▶ [Data extract]:
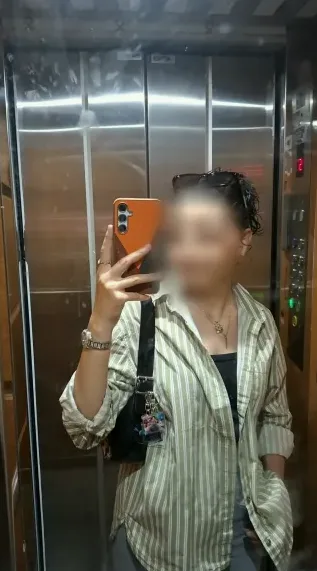 Megi, 21 anni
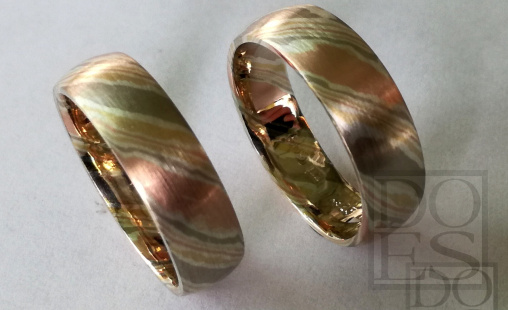 Mokume-gane-trouwringen-vierkleuren.jpg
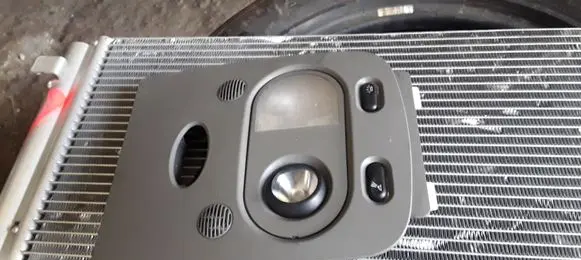 Renault Master III Front seat light 264300010R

▶ [Exercise]: Transcribe the listing exactly; omit all images.

▶ [Response to this task]:
 Megi, 21 anni
 Mokume-gane-trouwringen-vierkleuren.jpg
 Renault Master III Front seat light 264300010R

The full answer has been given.